How to add per-endpoint rate limiting in ASP.NET Core 11
A complete guide to per-endpoint rate limiting in ASP.NET Core 11: when to pick fixed window vs sliding window vs token bucket vs concurrency, how RequireRateLimiting and [EnableRateLimiting] differ, partitioning by user or IP, the OnRejected handler, and the distributed deployment pitfall everyone hits.
To rate limit a specific endpoint in ASP.NET Core 11, register a named policy in AddRateLimiter, call app.UseRateLimiter() after routing, and attach the policy to the endpoint with RequireRateLimiting("name") on a minimal API or [EnableRateLimiting("name")] on an MVC action. The runtime ships four built-in algorithms in Microsoft.AspNetCore.RateLimiting: fixed window, sliding window, token bucket, and concurrency. The middleware returns 429 Too Many Requests when a request is rejected and exposes an OnRejected callback for custom responses, including Retry-After. This guide covers .NET 11 preview 3 with C# 14, but the API has been stable since .NET 7 and every code sample compiles unchanged on .NET 8, 9, and 10.
Why “global” rate limiting is rarely what you want
The simplest setup, a single global limiter that drops requests when the whole process is over budget, is appealing for about ten seconds. Then you realise the login endpoint and the static health probe share that budget. A botnet hammering /login will gladly take down /health, and your load balancer will pull the instance out of rotation because the cheap probe started returning 429s.
Per-endpoint limiting fixes that. Each endpoint declares its own policy with limits tuned to its actual cost: /login gets a tight per-IP token bucket, /api/search gets a generous sliding window, the file-upload endpoint gets a concurrency limiter, and /health gets nothing. The global limiter, if you keep one, becomes a backstop for protocol-level abuse rather than the primary defense.
The Microsoft.AspNetCore.RateLimiting middleware was promoted out of preview in .NET 7 and has only had quality-of-life refinements since. It is a first-class part of the framework in .NET 11, with no extra NuGet package to install.
The minimal Program.cs
Here is the smallest setup that adds two distinct per-endpoint policies, applies one to a minimal API endpoint, and lets the rest of the app run unthrottled.
// .NET 11 preview 3, C# 14
using System.Threading.RateLimiting;
using Microsoft.AspNetCore.RateLimiting;
var builder = WebApplication.CreateBuilder(args);
builder.Services.AddRateLimiter(options =>
{
options.RejectionStatusCode = StatusCodes.Status429TooManyRequests;
options.AddFixedWindowLimiter(policyName: "search", o =>
{
o.PermitLimit = 30;
o.Window = TimeSpan.FromSeconds(10);
o.QueueLimit = 0;
});
options.AddTokenBucketLimiter(policyName: "login", o =>
{
o.TokenLimit = 5;
o.TokensPerPeriod = 5;
o.ReplenishmentPeriod = TimeSpan.FromMinutes(1);
o.QueueLimit = 0;
o.AutoReplenishment = true;
});
});
var app = builder.Build();
app.UseRateLimiter();
app.MapGet("/api/search", (string q) => Results.Ok(new { q }))
.RequireRateLimiting("search");
app.MapPost("/api/login", (LoginRequest body) => Results.Ok())
.RequireRateLimiting("login");
app.MapGet("/health", () => Results.Ok("ok"));
app.Run();
record LoginRequest(string Email, string Password);
Two things to notice.

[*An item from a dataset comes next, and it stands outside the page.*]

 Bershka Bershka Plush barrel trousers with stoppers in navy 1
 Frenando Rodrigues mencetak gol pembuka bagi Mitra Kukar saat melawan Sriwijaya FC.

First, RejectionStatusCode defaults to 503 Service Unavailable, which is wrong for almost every public API. Set it to 429 once, in AddRateLimiter, and forget it. Second, app.UseRateLimiter() must come after app.UseRouting() if you call routing explicitly, because the middleware reads endpoint metadata to decide which policy applies. The built-in WebApplication adds routing automatically before terminal middleware, so the explicit UseRouting call is only required if you have other middleware that needs to sit between routing and rate limiting.
RequireRateLimiting vs [EnableRateLimiting]
ASP.NET Core has two equally valid ways to attach a policy to an endpoint, and they exist because minimal APIs and MVC have different metadata stories.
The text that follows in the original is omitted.